In the midst of arid, dry weather, the roots of a cornstalk grow deeper into the ground as they search for water.  So too when we experience spiritual aridity, that is, dryness in prayer, God is calling us to persist in our faith and in our prayer and to deepen our relationship with Him.  As Saint John of the Cross tells us, we expel aridity by praying.  By continuing to pray in the midst of spiritual dryness, we show God that we love Him.  God wants us to seek Him humbly in earnest.    

Roots stabilize the cornstalk.  With deep and extensive roots, a cornstalk can withstand strong winds.  So too when we weather severe storms in life, if we have a deep, devoted, fervent prayer life, through the grace of God, we will resist any and all challenges which we encounter.  

The priest added that the liturgical seasons of Advent and Lent are characterized by more intense fasting and prayer than usual.   He offered encouragement to more deeply enter into prayer in this Advent season.  
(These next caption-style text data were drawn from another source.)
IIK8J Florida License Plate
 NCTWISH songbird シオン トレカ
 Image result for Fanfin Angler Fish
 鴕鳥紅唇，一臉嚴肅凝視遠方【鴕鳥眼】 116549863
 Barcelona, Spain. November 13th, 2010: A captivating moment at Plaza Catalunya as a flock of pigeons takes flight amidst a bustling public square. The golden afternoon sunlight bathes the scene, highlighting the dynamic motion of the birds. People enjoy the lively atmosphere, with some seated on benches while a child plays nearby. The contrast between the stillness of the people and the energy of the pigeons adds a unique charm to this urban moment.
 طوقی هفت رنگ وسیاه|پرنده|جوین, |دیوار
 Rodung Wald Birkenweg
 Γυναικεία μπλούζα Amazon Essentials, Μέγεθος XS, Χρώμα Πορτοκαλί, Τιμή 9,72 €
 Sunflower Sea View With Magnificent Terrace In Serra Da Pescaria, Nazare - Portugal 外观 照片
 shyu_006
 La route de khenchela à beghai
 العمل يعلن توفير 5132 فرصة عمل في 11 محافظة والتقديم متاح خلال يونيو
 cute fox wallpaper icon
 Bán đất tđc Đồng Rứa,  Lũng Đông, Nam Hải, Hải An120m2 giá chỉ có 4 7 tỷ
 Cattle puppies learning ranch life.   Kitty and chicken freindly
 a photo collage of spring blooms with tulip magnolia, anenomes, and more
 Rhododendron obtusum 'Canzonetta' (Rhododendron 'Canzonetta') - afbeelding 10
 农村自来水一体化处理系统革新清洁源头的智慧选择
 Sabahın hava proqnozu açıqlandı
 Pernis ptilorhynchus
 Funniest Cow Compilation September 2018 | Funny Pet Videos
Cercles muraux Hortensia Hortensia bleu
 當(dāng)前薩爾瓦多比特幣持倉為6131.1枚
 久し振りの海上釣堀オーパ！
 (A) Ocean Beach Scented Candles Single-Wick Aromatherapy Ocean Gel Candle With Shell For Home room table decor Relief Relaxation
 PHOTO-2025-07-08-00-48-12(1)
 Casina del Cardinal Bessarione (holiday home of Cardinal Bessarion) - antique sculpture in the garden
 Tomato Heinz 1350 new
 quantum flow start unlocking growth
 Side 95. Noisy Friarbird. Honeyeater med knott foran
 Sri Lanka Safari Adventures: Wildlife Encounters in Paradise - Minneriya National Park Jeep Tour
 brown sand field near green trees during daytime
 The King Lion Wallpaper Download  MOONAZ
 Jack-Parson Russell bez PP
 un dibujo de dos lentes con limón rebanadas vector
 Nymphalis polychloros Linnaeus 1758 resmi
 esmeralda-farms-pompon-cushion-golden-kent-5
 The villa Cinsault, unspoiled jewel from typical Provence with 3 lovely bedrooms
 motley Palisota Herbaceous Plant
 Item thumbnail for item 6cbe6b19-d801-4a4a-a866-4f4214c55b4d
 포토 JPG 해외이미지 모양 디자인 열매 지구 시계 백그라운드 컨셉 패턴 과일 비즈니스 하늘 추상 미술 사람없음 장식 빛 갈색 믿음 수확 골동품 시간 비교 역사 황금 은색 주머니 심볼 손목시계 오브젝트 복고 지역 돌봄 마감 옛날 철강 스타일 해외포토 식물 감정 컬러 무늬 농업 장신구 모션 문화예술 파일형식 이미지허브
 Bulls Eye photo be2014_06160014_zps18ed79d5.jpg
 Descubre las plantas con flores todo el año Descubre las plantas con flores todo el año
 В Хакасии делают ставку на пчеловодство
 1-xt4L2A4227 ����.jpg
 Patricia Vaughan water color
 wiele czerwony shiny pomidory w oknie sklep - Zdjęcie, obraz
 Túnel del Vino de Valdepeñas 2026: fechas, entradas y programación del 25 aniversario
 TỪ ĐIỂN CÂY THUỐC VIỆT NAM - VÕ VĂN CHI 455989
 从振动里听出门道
During Advent, as we meditate upon the birth of Jesus which we will soon celebrate, we are invited to live more ascetically over these next few weeks.  At times we experience periods of spiritual aridity which we do not consciously choose, and are called upon then to pray more intensely.  Yet at certain times in the liturgical calendar, we are also called to make more intense sacrifices of prayer and fasting, such as during Advent and Lent.  Thus in this current Advent season, we are invited to plumb the depths of own our souls more deeply in prayer.  In doing so in still, silent solitude, we seek a conscious communion with Jesus which can strengthen us against whatever storms may confront us in our lives.